= TASK STATEMENT =
Set down each line of the data exactly, but not the pictures.

(Items from a dataset)
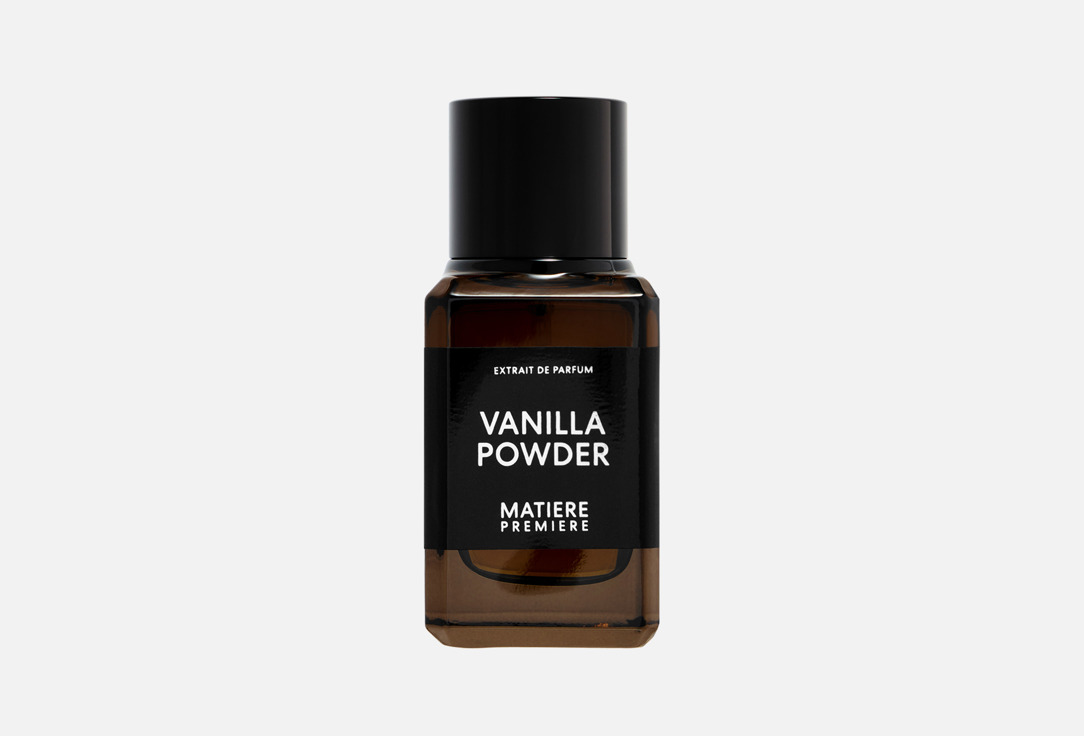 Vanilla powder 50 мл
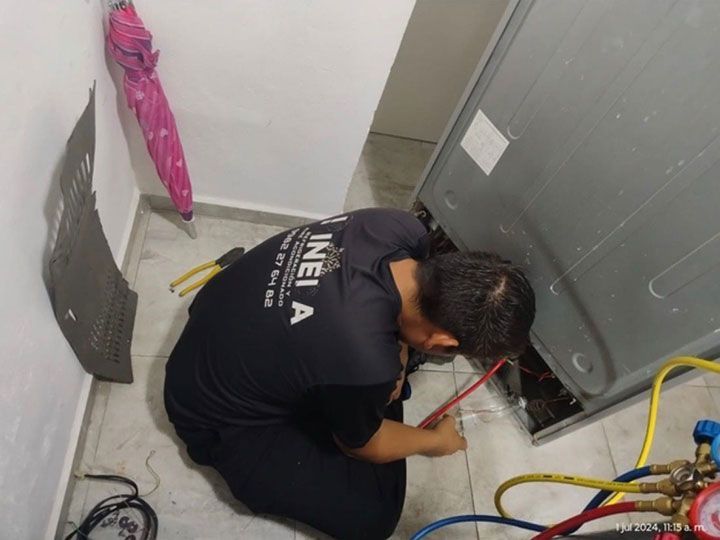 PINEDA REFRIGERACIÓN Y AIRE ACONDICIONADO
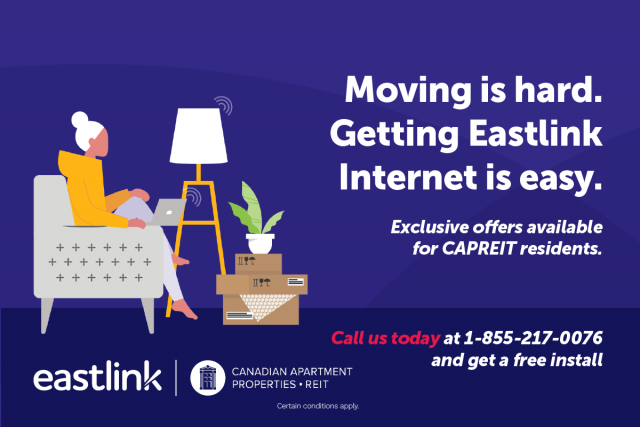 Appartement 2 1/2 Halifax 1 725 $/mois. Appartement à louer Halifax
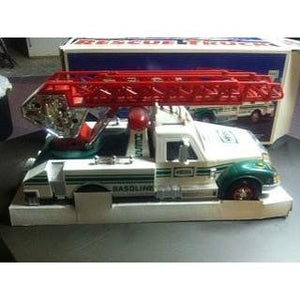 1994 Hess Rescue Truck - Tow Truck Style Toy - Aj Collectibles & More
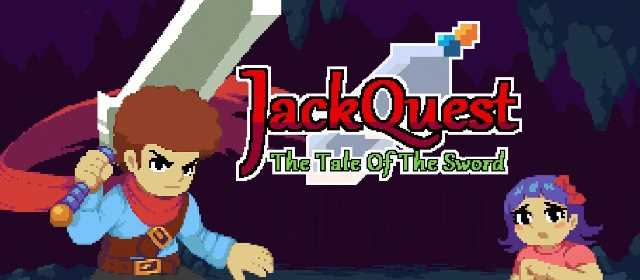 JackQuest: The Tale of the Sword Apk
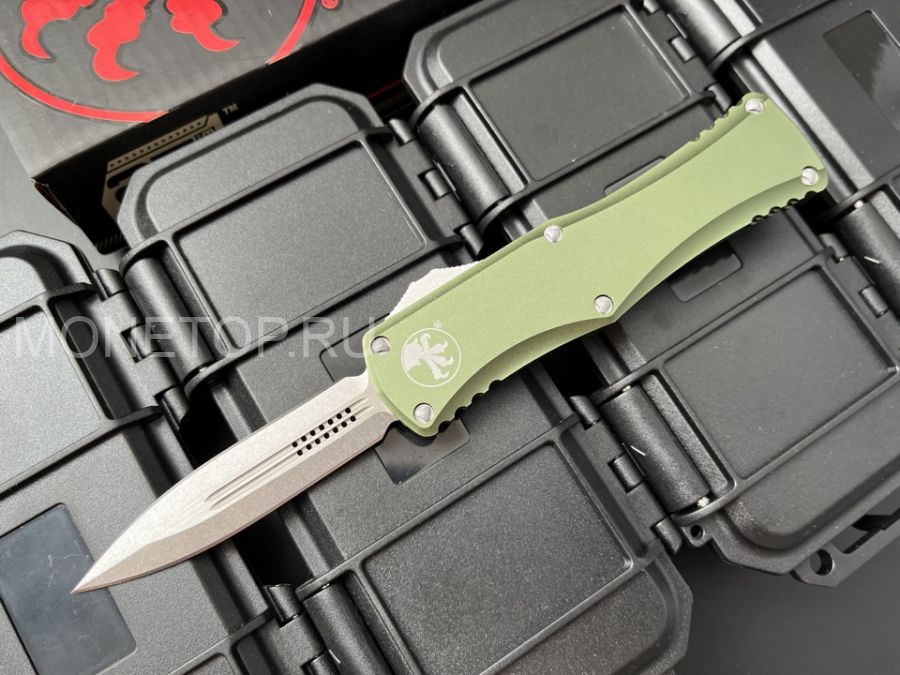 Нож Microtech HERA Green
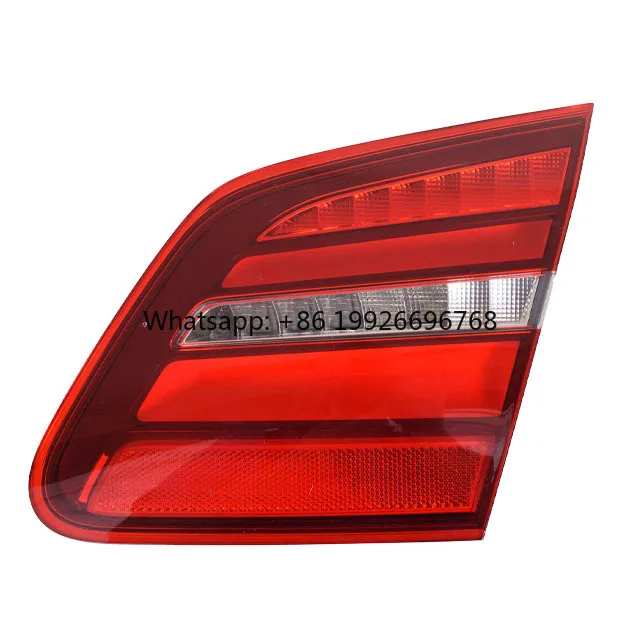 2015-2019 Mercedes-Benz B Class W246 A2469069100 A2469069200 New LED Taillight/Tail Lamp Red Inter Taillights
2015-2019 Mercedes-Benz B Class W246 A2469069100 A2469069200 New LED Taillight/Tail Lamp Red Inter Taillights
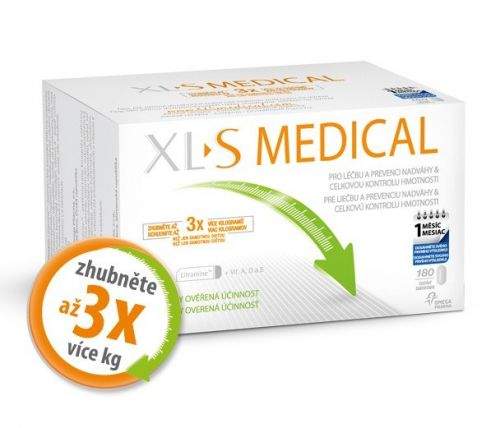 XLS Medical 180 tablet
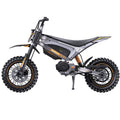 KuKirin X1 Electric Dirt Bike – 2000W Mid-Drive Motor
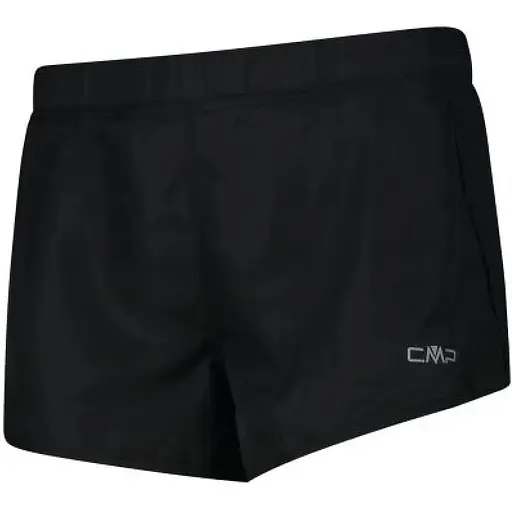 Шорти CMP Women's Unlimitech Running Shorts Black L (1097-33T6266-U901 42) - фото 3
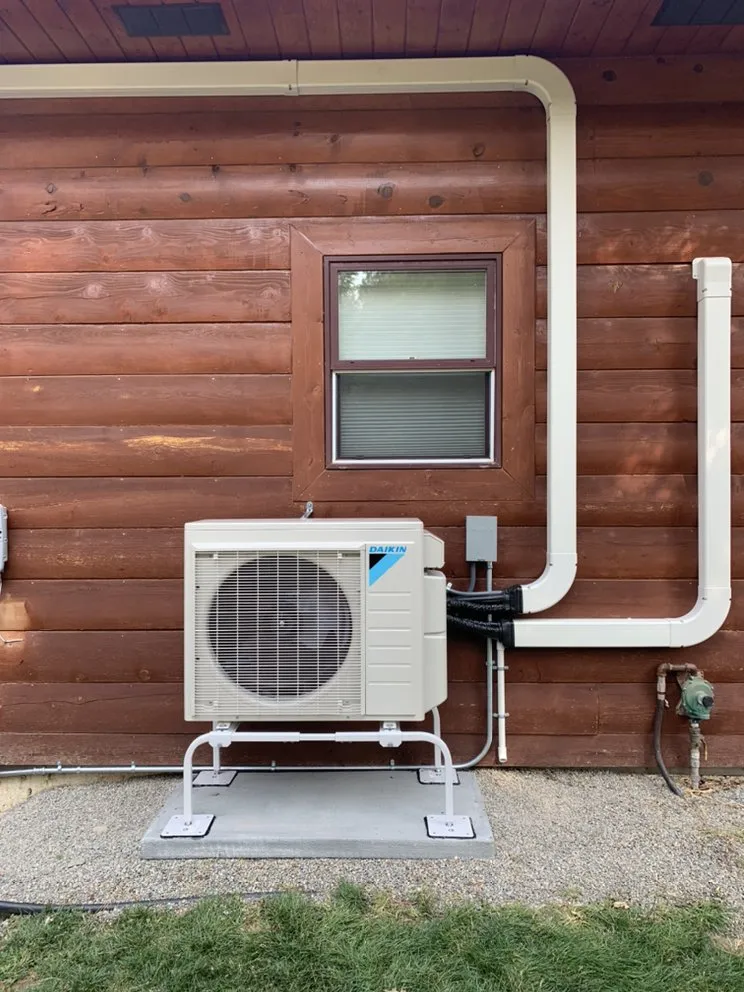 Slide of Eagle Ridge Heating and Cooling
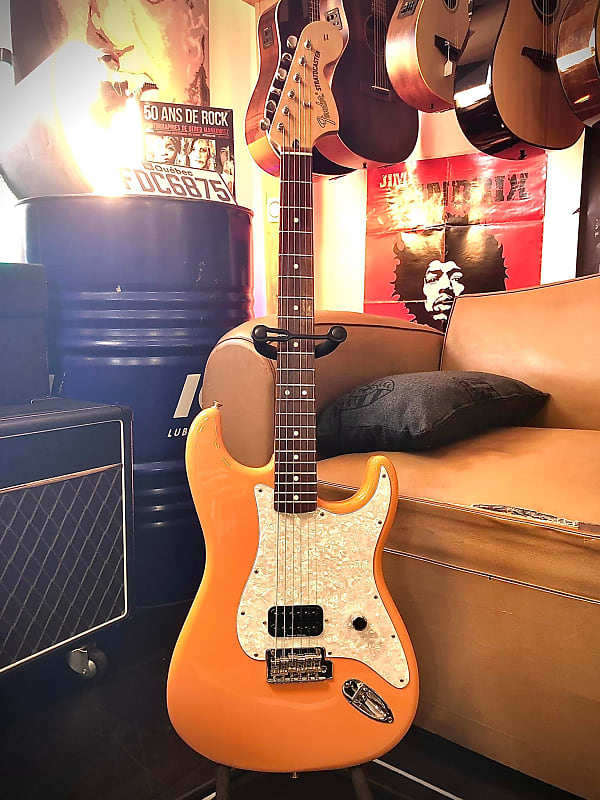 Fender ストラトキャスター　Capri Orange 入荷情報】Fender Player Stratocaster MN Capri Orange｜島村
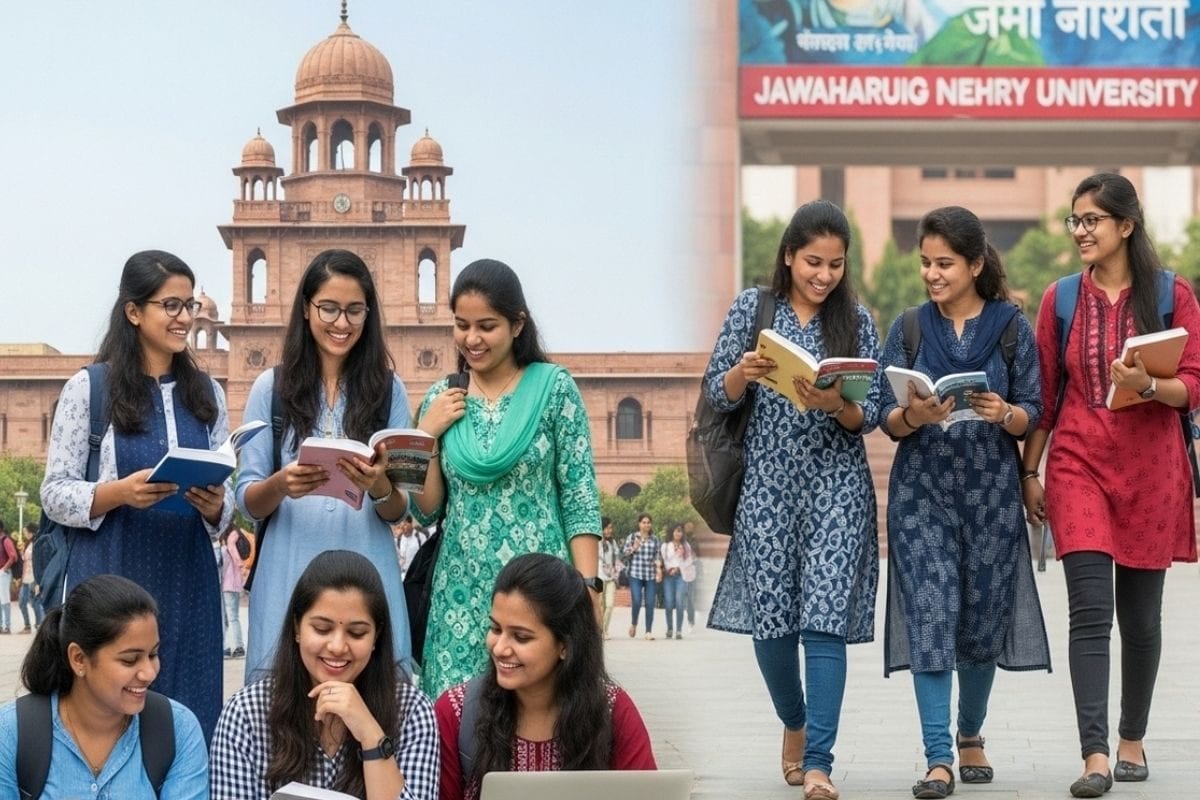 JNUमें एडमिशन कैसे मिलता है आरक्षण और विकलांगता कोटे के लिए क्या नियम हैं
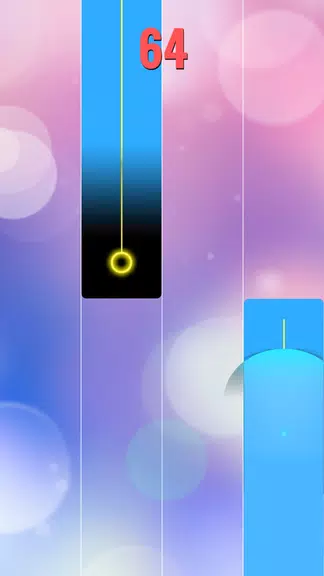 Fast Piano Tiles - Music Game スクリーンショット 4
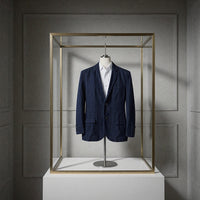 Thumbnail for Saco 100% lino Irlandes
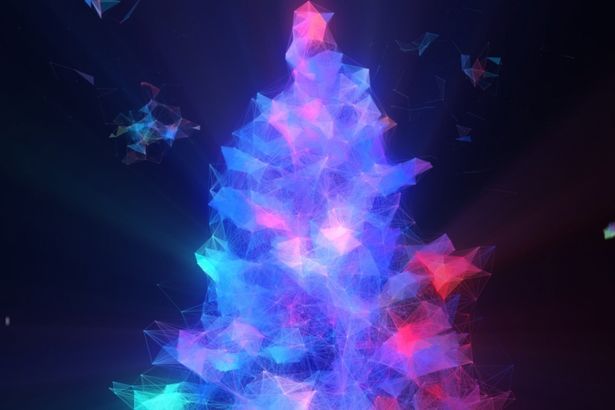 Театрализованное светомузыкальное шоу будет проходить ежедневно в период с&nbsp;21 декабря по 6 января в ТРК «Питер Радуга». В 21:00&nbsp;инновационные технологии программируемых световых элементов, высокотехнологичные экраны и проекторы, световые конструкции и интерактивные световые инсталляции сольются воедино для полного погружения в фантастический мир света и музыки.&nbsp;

= REPLY TO THE TASK =
 Vanilla powder 50 мл
 PINEDA REFRIGERACIÓN Y AIRE ACONDICIONADO
 Appartement 2 1/2 Halifax 1 725 $/mois. Appartement à louer Halifax
 1994 Hess Rescue Truck - Tow Truck Style Toy - Aj Collectibles & More
 JackQuest: The Tale of the Sword Apk
 Нож Microtech HERA Green
 2015-2019 Mercedes-Benz B Class W246 A2469069100 A2469069200 New LED Taillight/Tail Lamp Red Inter Taillights
2015-2019 Mercedes-Benz B Class W246 A2469069100 A2469069200 New LED Taillight/Tail Lamp Red Inter Taillights
 XLS Medical 180 tablet
 KuKirin X1 Electric Dirt Bike – 2000W Mid-Drive Motor
 Шорти CMP Women's Unlimitech Running Shorts Black L (1097-33T6266-U901 42) - фото 3
 Slide of Eagle Ridge Heating and Cooling
 Fender ストラトキャスター　Capri Orange 入荷情報】Fender Player Stratocaster MN Capri Orange｜島村
 JNUमें एडमिशन कैसे मिलता है आरक्षण और विकलांगता कोटे के लिए क्या नियम हैं
 Fast Piano Tiles - Music Game スクリーンショット 4
 Thumbnail for Saco 100% lino Irlandes
 Театрализованное светомузыкальное шоу будет проходить ежедневно в период с&nbsp;21 декабря по 6 января в ТРК «Питер Радуга». В 21:00&nbsp;инновационные технологии программируемых световых элементов, высокотехнологичные экраны и проекторы, световые конструкции и интерактивные световые инсталляции сольются воедино для полного погружения в фантастический мир света и музыки.&nbsp;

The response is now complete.